General Discussion
In reply to the discussion: So sad. The Arab Spring has withered on the vine. [View all]leveymg
(36,418 posts)As for Israel's support for that, one needs to go back to the beginning, the seminal 1996 regime change document prepared for then and now PM Netanyahu, "A Clean Break, A New Strategy for Securing the Realm" (a Greater Israel) by a group of American neocons that went on to positions of great influence in the Bush Administration and whose thinking still pervades some corridors in Washington. See, http://www.israeleconomy.org/strat1.htm, (excerpted version). A Clean Break, authored by Richard Perle and fellow Pentagon Office of Special Plans (OSP) policy planners, Douglas Feith and David Wurmser (the guys who carried out the intelligence deceptions that led to the Iraq War), is a remarkably prescient and accurate plan for the string of of regime change operations, and the campaign to derail Iran's leadership of Shi'ia Islam, that were actually implemented during the next 15 years.
Wiki: Journalist Jason Vest wrote that the report was "a kind of US-Israeli neoconservative manifesto." In Vest's analysis, it proposed "a mini-cold war in the Middle East, advocating the use of proxy armies for regime changes, destabilization and containment. Indeed, it even goes so far as to articulate a way to advance right-wing Zionism by melding it with missile-defense advocacy." He wrote that because of the shared organizational membership of the paper's authors the report provides "perhaps the most insightful window" into the "policy worldview" of the Jewish Institute for National Security Affairs and Center for Security Policy, two United States-based thinktanks.[11]
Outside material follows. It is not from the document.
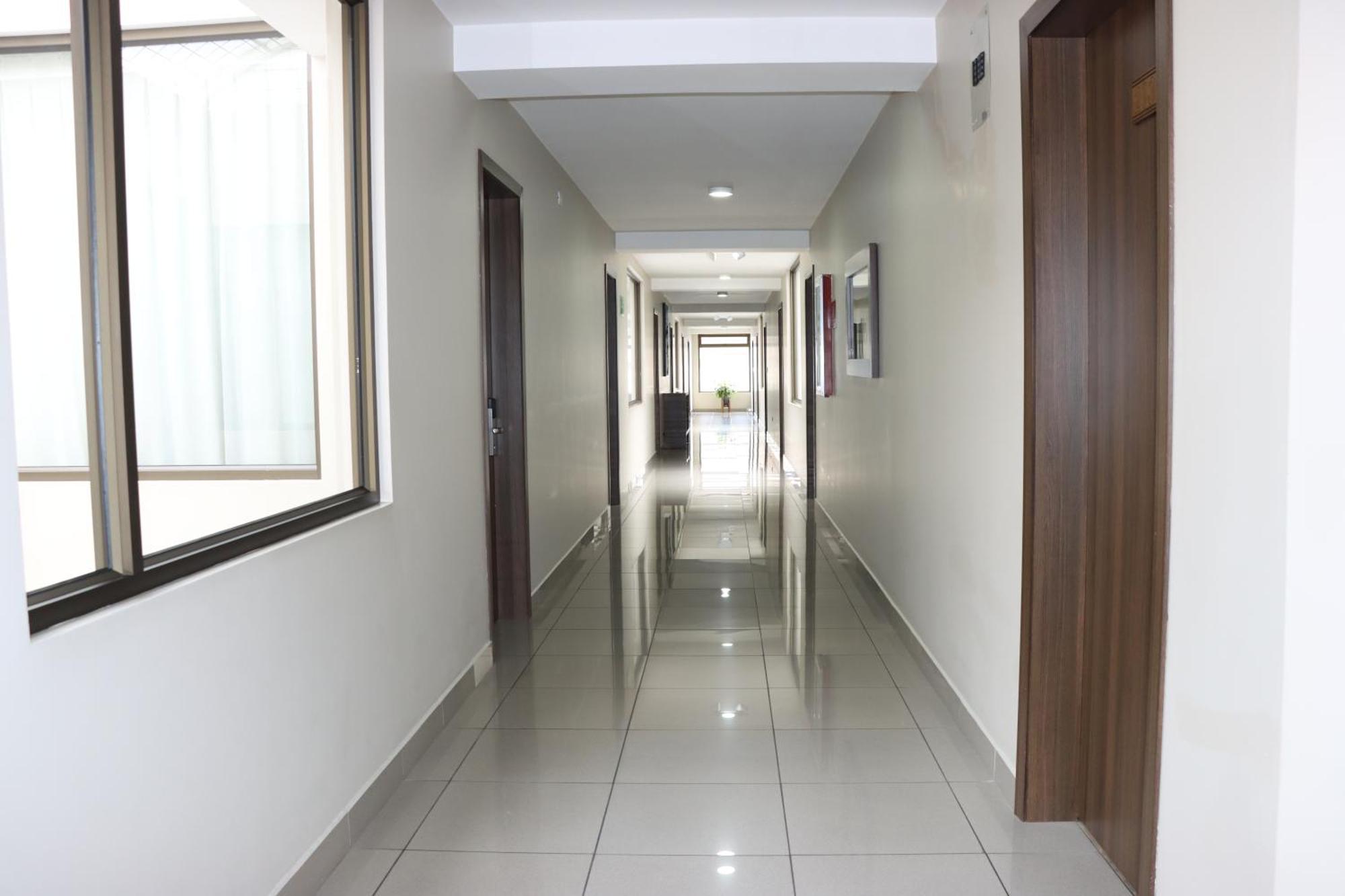 Hotel San Agustin Plaza Latacunga Dış mekan fotoğraf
An October 2003 editorial in The Nation criticized the Syria Accountability Act and connected it to the Clean Break report and authors:
"To properly understand the Syria Accountability Act, one has to go back to a 1996 document, 'A Clean Break: A New Strategy for Securing the Realm,' drafted by a team of advisers to Benjamin Netanyahu in his run for prime minister of Israel. The authors included current Bush advisers Richard Perle and Douglas Feith. 'Syria challenges Israel on Lebanese soil,' they wrote, calling for 'striking Syrian military targets in Lebanon, and should that prove insufficient, striking at select targets in Syria proper.' No wonder Perle was delighted by the Israeli strike. 'It will help the peace process,' he told the Washington Post, adding later that the United States itself might have to attack Syria. But what Perle means by 'helping the peace process' is not resolving the conflict by bringing about a viable, sovereign Palestinian state but rather - as underscored in 'A Clean Break' - 'transcending the Arab-Israeli conflict' altogether by forcing the Arabs to accept most, if not all, of Israel's territorial conquests and its nuclear hegemony in the region."[12]
John Dizard claimed there is evidence in the Clean Break document of Ahmed Chalabi's involvement. (Chalabi, an Iraqi politician, was an ardent opponent of Saddam Hussein.):
"In the section on Iraq, and the necessity of removing Saddam Hussein, there was telltale 'intelligence' from Chalabi and his old Jordanian Hashemite patron, Prince Hassan: 'The predominantly Shi'a population of southern Lebanon has been tied for centuries to the Shi'a leadership in Najaf, Iraq, rather than Iran. Were the Hashemites to control Iraq, they could use their influence over Najaf to help Israel wean the south Lebanese Shi'a away from Hizbollah, Iran, and Syria.